*** Opening of SOURCE DATA ***
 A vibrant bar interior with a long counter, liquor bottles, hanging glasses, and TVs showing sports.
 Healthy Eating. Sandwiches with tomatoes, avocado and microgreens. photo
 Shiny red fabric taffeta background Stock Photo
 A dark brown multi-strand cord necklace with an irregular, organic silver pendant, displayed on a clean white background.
*** Close of SOURCE DATA ***
*** Opening of SOURCE DATA ***
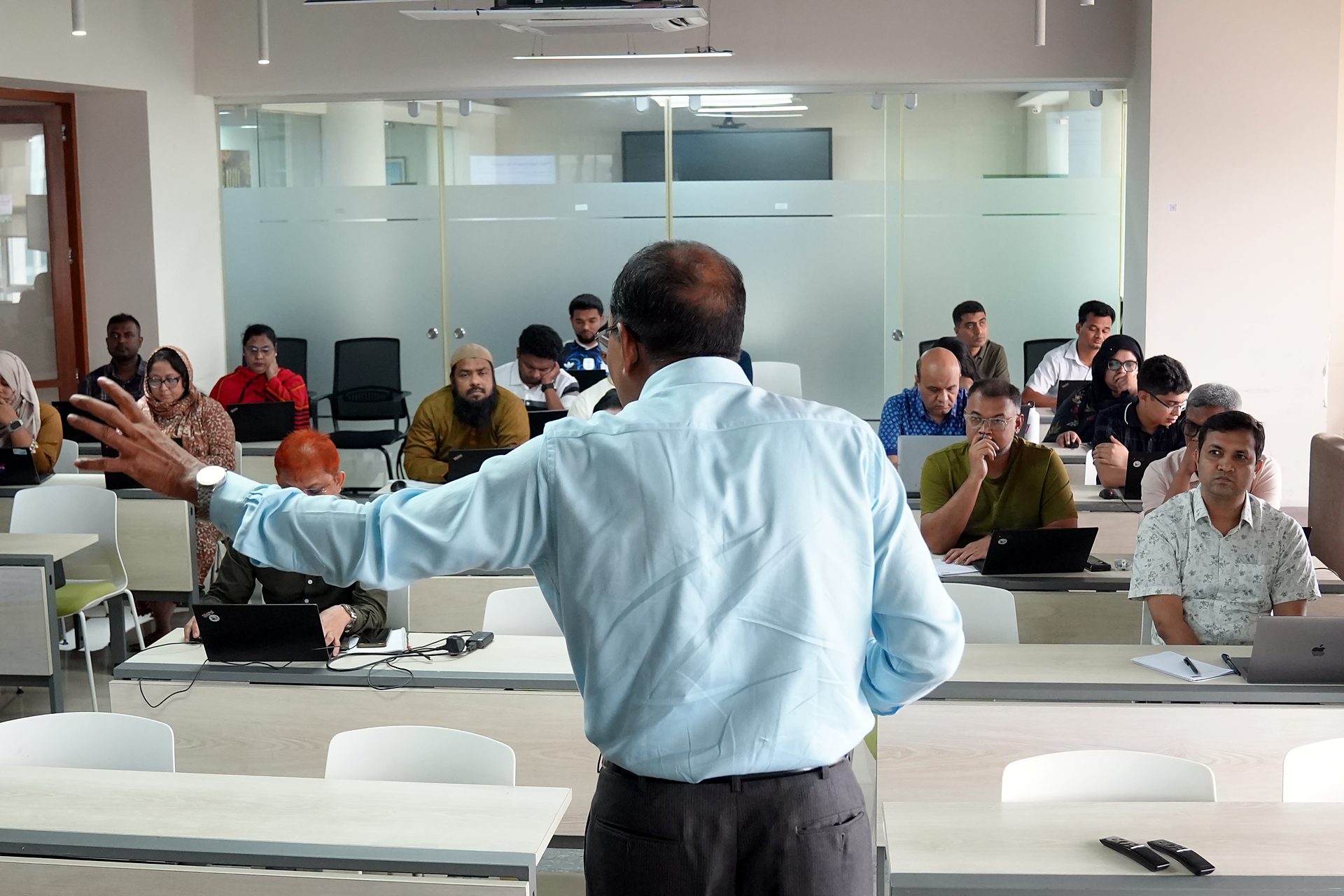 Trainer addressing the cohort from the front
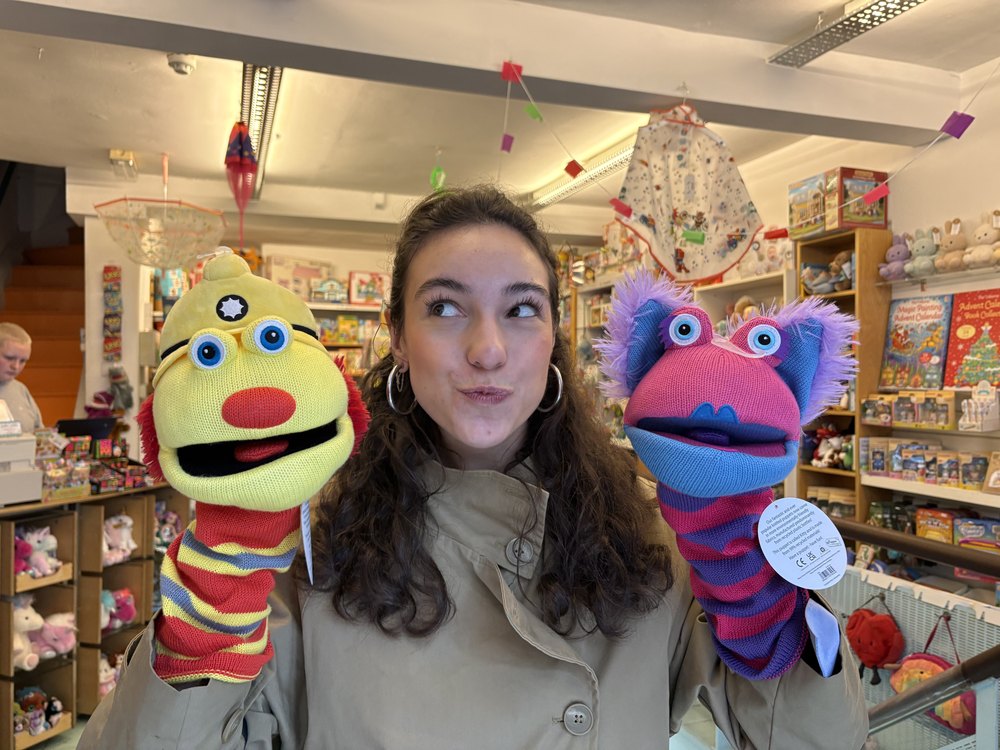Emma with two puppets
*** Close of SOURCE DATA ***
YOUR GOAL:
Go back to the listing above. Copy word for word the lines from the one with "A vibrant bar" through the one with "A dark brown", and nothing more.

RESULT FOR THIS EXERCISE:
 A vibrant bar interior with a long counter, liquor bottles, hanging glasses, and TVs showing sports.
 Healthy Eating. Sandwiches with tomatoes, avocado and microgreens. photo
 Shiny red fabric taffeta background Stock Photo
 A dark brown multi-strand cord necklace with an irregular, organic silver pendant, displayed on a clean white background.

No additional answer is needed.